Goal of the exercise
Only the lines of the listing below that run from the line with "this 640×480 image." through the line with "this 600×400 image." are to be set down, word for word. Pictures stay out.

##### Data for analysis

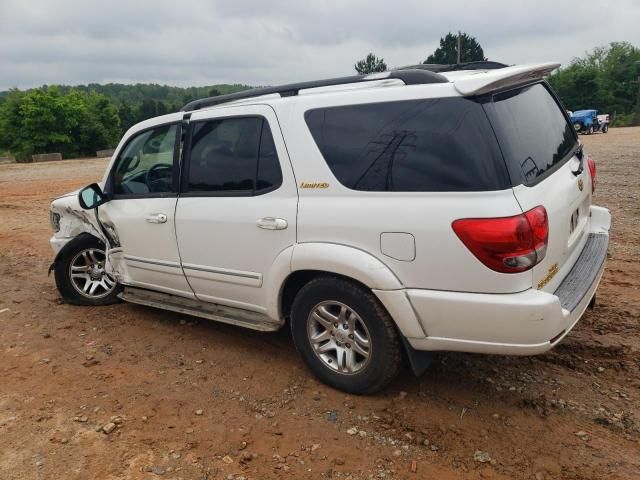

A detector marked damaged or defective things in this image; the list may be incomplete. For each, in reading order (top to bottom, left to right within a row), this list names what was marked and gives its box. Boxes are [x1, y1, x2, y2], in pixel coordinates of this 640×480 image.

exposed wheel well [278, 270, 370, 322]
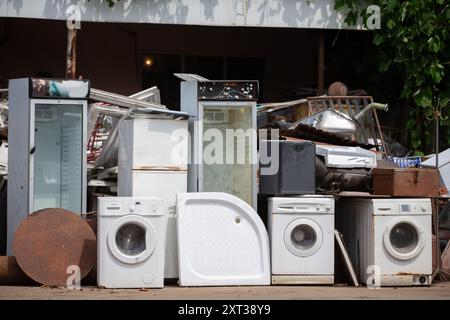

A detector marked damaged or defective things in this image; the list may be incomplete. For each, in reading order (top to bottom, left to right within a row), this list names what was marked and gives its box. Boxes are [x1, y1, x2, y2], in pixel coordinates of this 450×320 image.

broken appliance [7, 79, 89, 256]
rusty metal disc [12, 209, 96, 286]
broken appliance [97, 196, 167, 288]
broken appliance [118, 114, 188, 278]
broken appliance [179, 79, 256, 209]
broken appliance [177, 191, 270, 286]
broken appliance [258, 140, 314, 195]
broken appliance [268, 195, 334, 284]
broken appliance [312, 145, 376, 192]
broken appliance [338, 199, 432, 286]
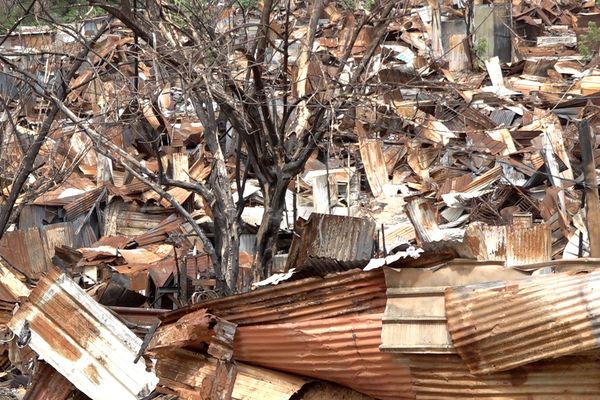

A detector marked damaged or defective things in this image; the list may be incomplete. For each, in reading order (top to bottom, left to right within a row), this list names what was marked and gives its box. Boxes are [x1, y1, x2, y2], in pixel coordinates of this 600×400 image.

##########
##### Data for analysis

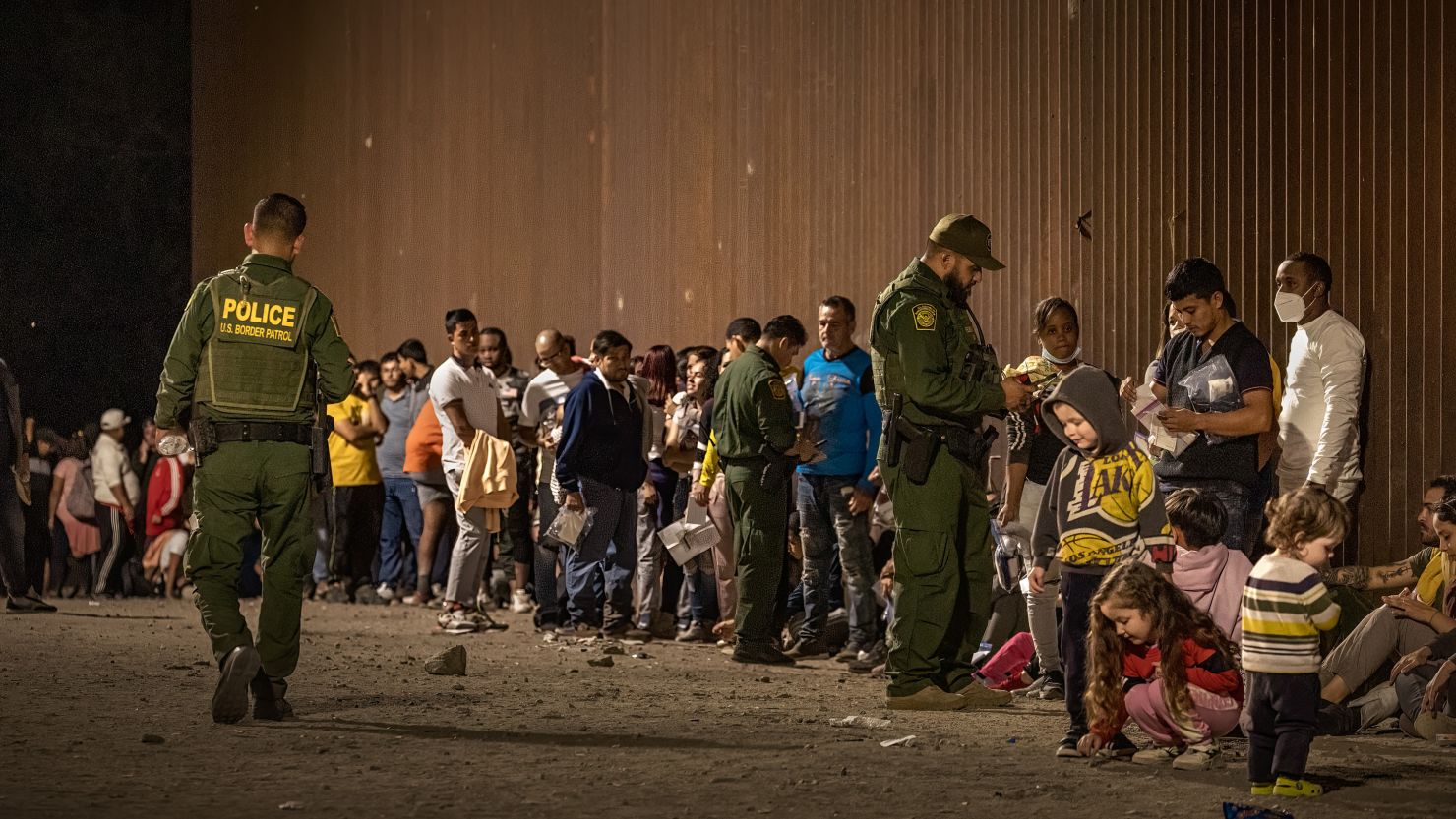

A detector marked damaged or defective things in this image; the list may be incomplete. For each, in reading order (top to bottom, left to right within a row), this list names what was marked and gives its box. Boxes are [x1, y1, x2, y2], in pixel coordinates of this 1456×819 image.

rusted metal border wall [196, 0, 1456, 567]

##########
##### Data for analysis

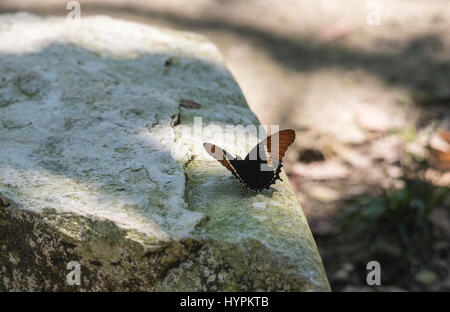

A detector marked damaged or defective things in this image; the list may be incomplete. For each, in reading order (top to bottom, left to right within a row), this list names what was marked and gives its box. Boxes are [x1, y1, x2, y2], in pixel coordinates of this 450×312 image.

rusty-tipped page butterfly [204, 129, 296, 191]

##########

Exercise answer
A detector marked damaged or defective things in this image; the list may be incomplete. For each, in reading order (top to bottom, left to right within a row), this list names what was marked and gives its box. Boxes are [x1, y1, x2, y2], in pixel coordinates of this 640×480 image.

exposed wheel well [278, 270, 370, 322]

A detector marked damaged or defective things in this image; the list may be incomplete. For each, in reading order (top to bottom, left to right within a row), this list names what was marked and gives its box. Boxes are [x1, y1, x2, y2], in pixel coordinates of this 450×320 image.

broken appliance [7, 79, 89, 256]
rusty metal disc [12, 209, 96, 286]
broken appliance [97, 196, 167, 288]
broken appliance [118, 114, 188, 278]
broken appliance [179, 79, 256, 209]
broken appliance [177, 191, 270, 286]
broken appliance [258, 140, 314, 195]
broken appliance [268, 195, 334, 284]
broken appliance [312, 145, 376, 192]
broken appliance [338, 199, 432, 286]

A detector marked damaged or defective things in this image; the list may be incomplete. For each, in reading order (top to bottom, left to right within a row), this list names what was marked and gives its box. Boxes are [x1, y1, x2, y2], in pixel coordinates of this 600×400 image.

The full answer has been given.